Josh Shepperd is an Assistant Professor at Catholic University and the Sound Fellow of the Library of Congress NRPB. He works on the history of emergent media industries, public humanities, sound studies, and the political economy of data and information. Josh is Director of the Library of Congress's Radio Preservation Task Force, a digital humanities consortium of 225 professors and 40 federal and public sector partnerships. His book Shadow of the New Deal: The Victory of Public Broadcasting is under contract in the University of Illinois Press History of Communication Series. It examines the institutional origins of public broadcasting and communications research in advocacy work conducted by the media reform movement. Josh is additionally under contract to co-author the official History of Public Broadcasting for the Corporation for Public Broadcasting and Current.

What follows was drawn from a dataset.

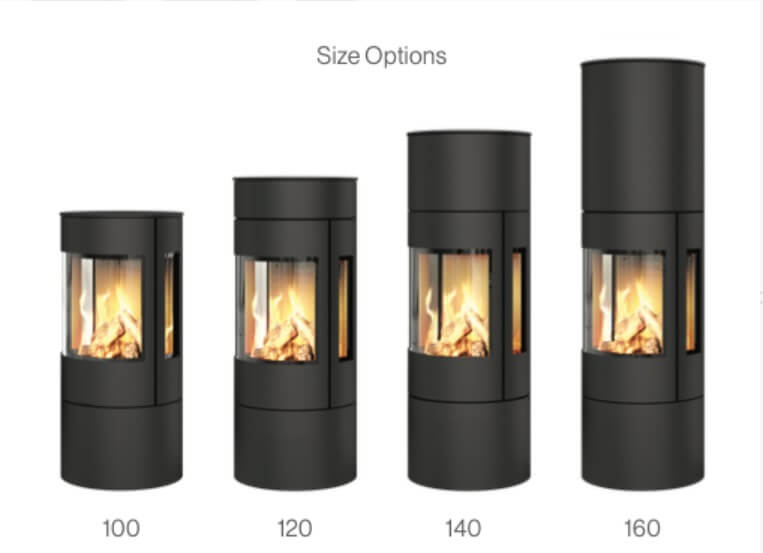 Rais Viva Gas Fire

His research has been supported by the Mellon Foundation, Rockefeller Archive, LBJ Presidential Library, Library of Congress, CLIR, NRPF, and NEH.

Grant Wythoff

Gadgetry: A History of Techniques explores how complex information technologies like the smartphone become legible to us through everyday practice, habit, and belief. I draw on my background in literary studies to trace the many ways that small decisions by individual users add up to critical transitions between paradigms in media history, describing these moments of indeterminacy and possibility as "fictions." Digital media technologies are not a force that comes down from on high to alter patterns in human relations, they are the product of what we imagine to be possible with our tools, from the micro-level of pragmatic functionality to the macro-level of cultural imaginaries and consensus visions of the future in science fiction.